Department of Statistical Science, Southern Methodist University, Dallas, TX 75275, USA.
Quantitative Biomedical Research Center, Center for the Genetics of Host Defense, Department of Clinical Science, University of Texas Southwestern Medical Center, Dallas, TX 75390, USA.
Stat Med. 2018 Feb 20;37(4):659-672. doi: 10.1002/sim.7540. Epub 2017 Oct 19.
In the field of gene set enrichment analysis (GSEA), meta-analysis has been used to integrate information from multiple studies to present a reliable summarization of the expanding volume of individual biomedical research, as well as improve the power of detecting essential gene sets involved in complex human diseases.
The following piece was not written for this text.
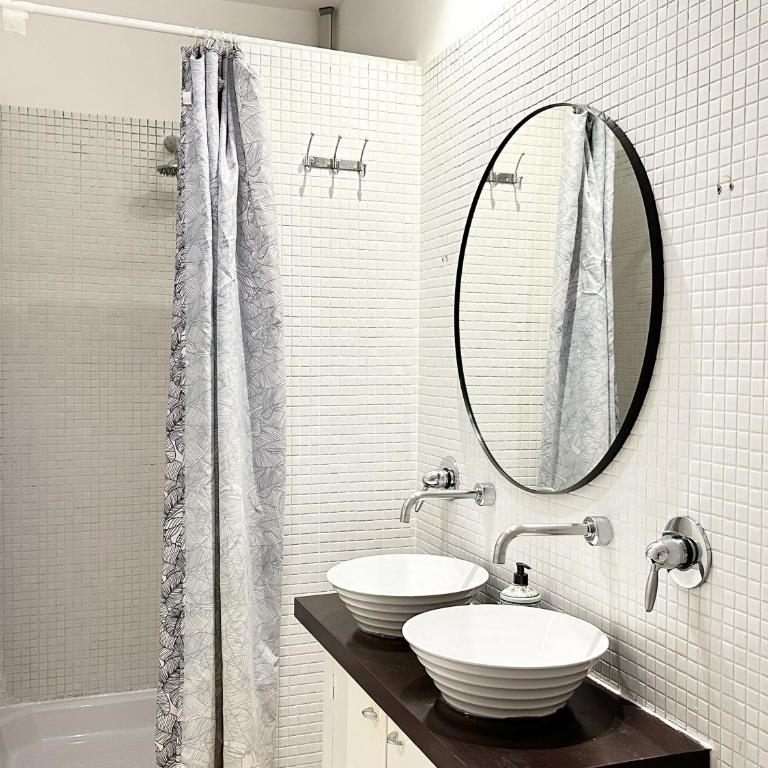 Le Marais style APT with 3 bdrs 3 mns Republique N3-43 - Three-Bedroom Apartment - 25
However, existing methods, Meta-Analysis for Pathway Enrichment (MAPE), may be subject to power loss because of (1) using gross summary statistics for combining end results from component studies and (2) using enrichment scores whose distributions depend on the set sizes. In this paper, we adapt meta-analysis approaches recently developed for genome-wide association studies, which are based on fixed effect and random effects (RE) models, to integrate multiple GSEA studies. We further develop a mixed strategy via adaptive testing for choosing RE versus FE models to achieve greater statistical efficiency as well as flexibility. In addition, a size-adjusted enrichment score based on a one-sided Kolmogorov-Smirnov statistic is proposed to formally account for varying set sizes when testing multiple gene sets. Our methods tend to have much better performance than the MAPE methods and can be applied to both discrete and continuous phenotypes. Specifically, the performance of the adaptive testing method seems to be the most stable in general situations.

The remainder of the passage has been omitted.